Entre tous les poètes, Ibsen est le seul rêveur, depuis Shakespeare. Tous les poètes tragiques sont réalistes, sous peine de n'être pas. La scène française est unique par la continuité: c'est que tous les bons auteurs y ont été les peintres fidèles des mœurs et de la vie. Le théâtre de la France est l'école sans fin de la morale, de la politique, le miroir des lois et des coutumes, une imitation qui n'a pas sa pareille des sentiments communs à tout un peuple, des plus bas aux plus héroïques. Un admirable génie s'y applique à la connaissance de l'homme moyen. La France est la moyenne humaine entre toutes les races, tous les âges, toutes les nations.
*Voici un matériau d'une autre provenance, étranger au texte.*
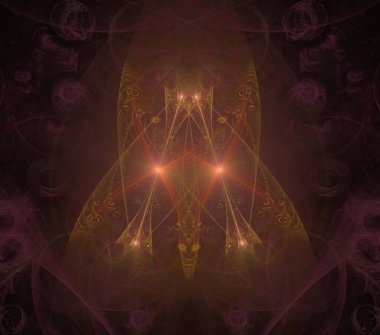 Çizimler saykodelik fraktal fraktal fraktal geometrik renkli süsleme 3D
Une éloquence partout répandue, comme l'esprit même dont elle est la forme publique; une exquise finesse, une vue des caractères qu'on ne trompe pas, sagace et sans détours; une doctrine large sans roideur, sociable comme la vie en commun est forcée de l'être; un divorce éternel entre les objets du cœur et les objets de l'esprit, qui est proprement la méthode universelle de toute science; un goût décidé du bonheur et de la juste raison, un penchant à les confondre, le parti pris d'y croire et d'y convier tous les hommes; une expérience des mœurs et des passions qui rend indulgent à toutes: un verre d'ironie ou d'honneur, selon qu'on se moque des hommes ou qu'on y a une foi inébranlable: voilà ce qu'on trouve sur la scène française, comme partout en France. L'intelligence et la raison y règnent absolument, et la fleur de l'esprit les tempère. Quand elles font défaut à un auteur, il ne lui reste guère rien. Si les autres peuples n'ont point de théâtre, c'est faute du génie réaliste; mais pourquoi, sinon que le génie de la vie y a trop peu de charme? Où sont l'éloquence et l'esprit, ces deux mamelles du dialogue? Chacun dort chez soi, ou boit, ou dispute, ou prie. Pour tout dire d'un mot, l'art ne commence là-bas qu'avec la poésie. On ne verra point un théâtre illustre dans la suite des siècles; mais, au lieu du désert, dans l'oasis de deux ou trois saisons, un grand poète et un seul. Ainsi les cent petits peintres de la Hollande, qu'on ne peut estimer trop, artisans impeccables; et le seul Rembrandt qui, d'un génie unique, tient tête aux cent artistes de l'Italie. Ou bien, ce prodige de Shakespeare. Combien Ibsen semble plus grand de faire penser à Rembrandt! Il a de son dessin et de sa plume.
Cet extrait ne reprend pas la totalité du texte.